UK defense boss calls for Harry drama to be dropped - Documentary

LONDON (Reuters Life!) - The head of Britain's armed forces has written to broadcaster Channel 4 to urge it not to show a "dramatized documentary" examining what might happen if Prince Harry were kidnapped on military duty in Afghanistan.
The 90-minute program called "The Taking of Prince Harry" is due to be aired Thursday, and recreates a helicopter crash in the south of Afghanistan and the subsequent capture of Queen Elizabeth's grandson, who is third in line to the throne.
Harry served with British forces in Afghanistan in 2008, becoming the first member of the royal family to see action since his uncle Prince Andrew flew helicopters in the Falklands War in 1982.
"We can confirm that (Air Chief Marshal) Jock (Stirrup) sent a letter to the chairman of Channel 4," a spokesman for the Ministry of Defense said. "It was a private letter and it would be inappropriate to comment on its contents."

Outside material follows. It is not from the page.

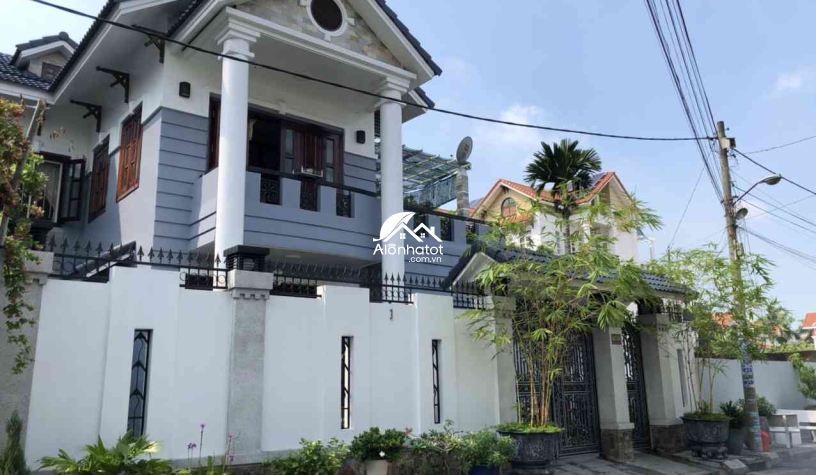 Bán nhà 6G10 Trần Não Quận 2 DT 14x17, Trệt lầu có sân vườn đẹp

The letter was partly motivated by what Stirrup viewed as a lack of respect by program makers for troops serving in Afghanistan and their families back home, a defense source said.
Reports have said that the film includes a scene in which the actor playing Harry is made to appear in Taliban and al Qaeda propaganda. It also features contributions from intelligence analysts and people who have been taken hostage.
Channel 4 came under fire when it announced the film earlier this month, with The Sun newspaper's in-house security expert Andy McNab saying it was "in bad taste."
Harry, 26, has spoken of his desire to return to Afghanistan, which he was forced to leave prematurely after news of his presence there was leaked.
Channel 4 said earlier this month that it contacted the royal family about the film, but had received no response.
When asked about Stirrup's letter, a spokeswoman for the broadcaster replied:
"We have written to ... Stirrup replying to his concerns. The film is rooted in expert testimony and is a serious journalistic examination of a current issue. It treats the subject matter sensitively.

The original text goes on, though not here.